Other supporting strategies might include:

  • Defining governing principles in advance. Defining governing principles in advance creates a governance space for an innovation team to work within rather than one or more hurdles for the innovation team to clear. Working within a set of predefined principles naturally turns governance review from a hurdle into a formality. The onus on the governance function shifts from finding issues in a concrete plan (much easier) to anticipating issues of a new concept (more challenging).
  • Uncovering the root cause of objections. Innovations often run into concerns that can seem, and perhaps are, relatively insignificant. The question needs to be answered whether objections share a common feature or perhaps originate from a common cause, such as a larger compliance issue. It can be easier and timelier to confront the larger issue than to run circles around the smaller ones.
  • Building a diverse portfolio of products. More innovation naturally mitigates the risk of any single innovative idea because the collective failure of a broad suite of diverse products is less likely. A portfolio of products with different types of risk gives a company some flexibility in deciding which innovations to pursue, depending on its resources, markets, and risk tolerance. It also allows an insurer to grow into an increasing level of risk.
  • Building a learning culture. Whether it is a complete product meltdown or a poorly implemented product launch, failure provides a fertile learning environment. Did product profitability depend too heavily on one source of revenue? Were assumptions too optimistic? The goal is to improve the process in the next effort rather than merely develop a list of missteps to avoid.
  • Learning how to fail fast. In a truly innovative culture, failure is inevitable. A key tenet of governance needs to be a culture of embracing failure and minimizing repeated failures. The ability to assess emerging data quickly is critical to curbing losses and can help governance gain a level of comfort with the ability of the innovation team to manage risk.
  • Defining success and failure in advance. A product can only fail fast if its success or failure is first clearly defined. The company can only be ready to invest resources in a successful venture if it is known to be a success. Knowing when to act and when to wait out a rocky product launch is tricky, especially after the enormous effort that goes into the startup and development of a product. However, recognizing when it is time to pull the plug is essential to a product development strategy.
  • Developing an exit strategy. The development of an exit strategy needs to be part of the overall development process.
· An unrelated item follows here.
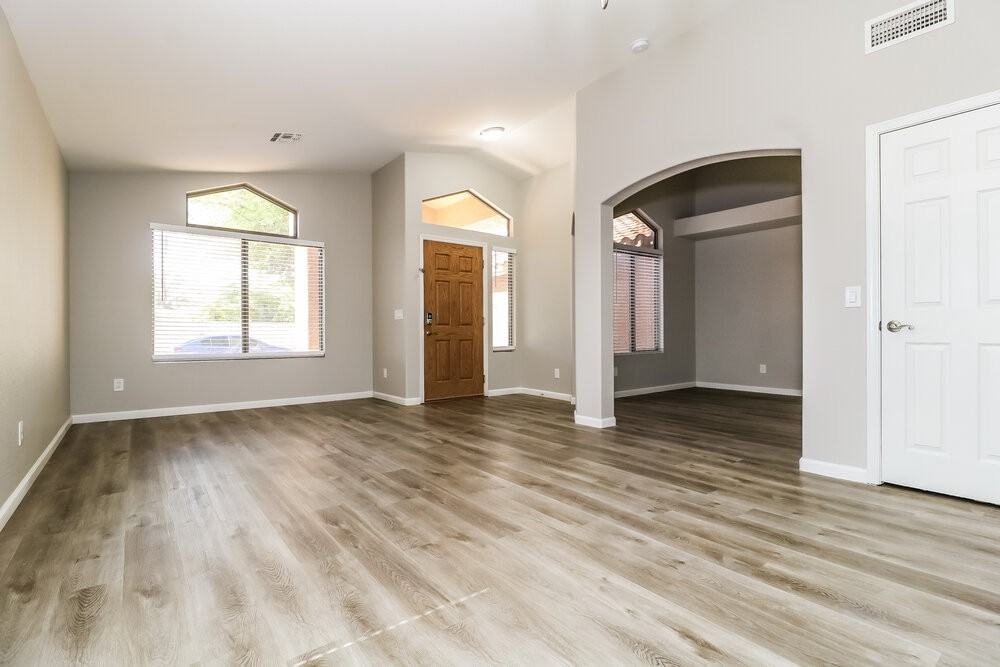 22039 N 107th Dr - Photo 5 of 16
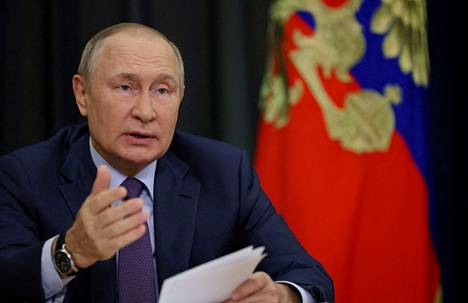 Vladimir Putin piti länttä kritisoivan puheensa Itsenäisten valtioiden yhteisön tiedustelujohtajien kanssa järjestetyssä kokouksessa torstaina.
Having a plan B or even plan C can give risk managers assurance that the risk can be managed effectively even in a worst-case scenario. That can help to overcome some concerns during the development process.
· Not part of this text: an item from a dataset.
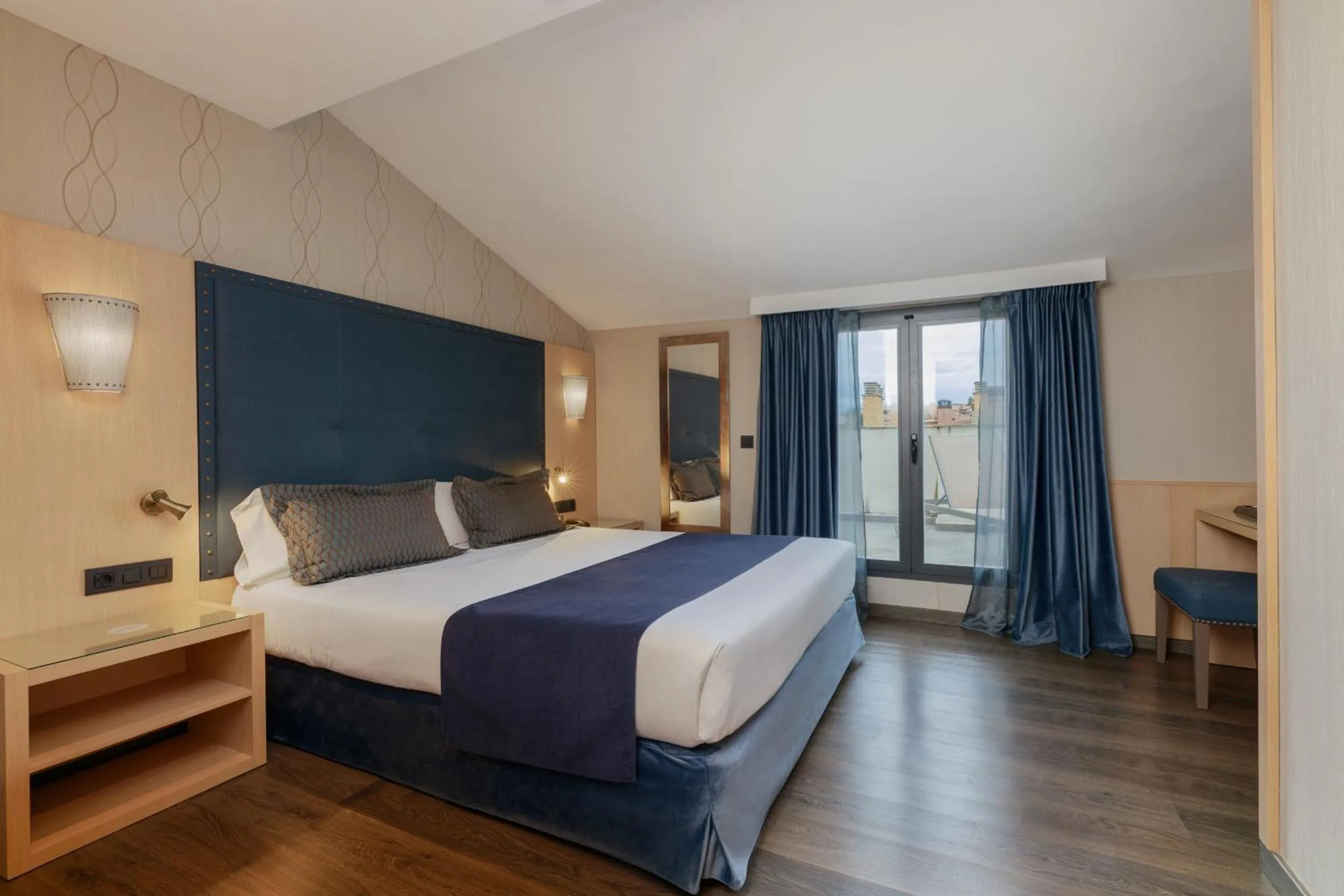 Bedroom, Bed in Hotel Pedro I De Aragon 4 Estrellas SUPERIOR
  • Embrace innovation as a success. While there will always be room in the insurance industry for companies that flawlessly execute a traditional approach to traditional products, innovation is key to ongoing success. Embracing the act of innovation itself as a success, rather than judging solely by its outcome, breeds a culture for long-term success. A strong integration of innovation and governance should strive to define success by the number of new ideas making it to the market while using the strategies above to mitigate risk.
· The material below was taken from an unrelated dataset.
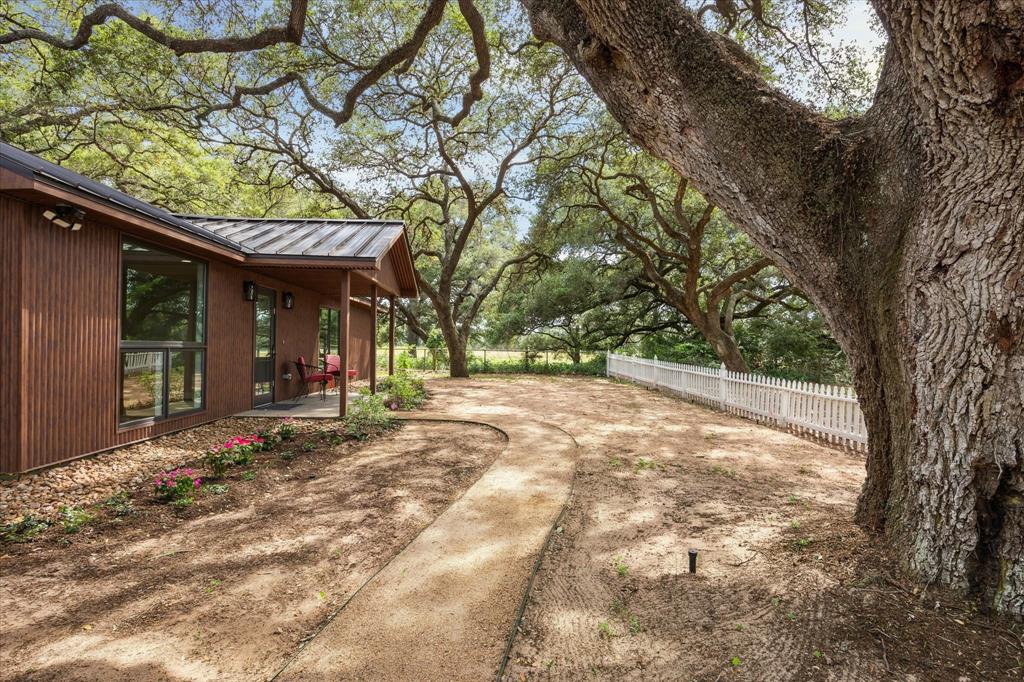 3834 Fm 949 Highway, Cat Spring, Texas image 13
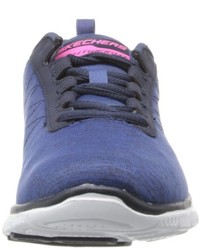 blaue Turnschuhe von Skechers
  • Celebrate diversity. There is comfort in the familiar, both with people and ideas. But many times the best creativity stems from a fresh perspective. Diversity of thought is fundamental to seeing problems and their solutions from new angles. A team with different professional backgrounds and life experiences will also identify more problems and clever solutions.

Rather than standing at opposite ends of the development process, innovation and governance need to be closely integrated. Like gears of a wheel, these connections can move the process forward, instill confidence in product development, and increase the possibility of bringing a successful product to the market.

Insurers tend to fall along an innovation-governance spectrum rather than at one end or the other. Identifying a company’s dominant risk culture can help to establish risk parameters that can guide innovation and avoid unnecessary conflict as ideas move forward.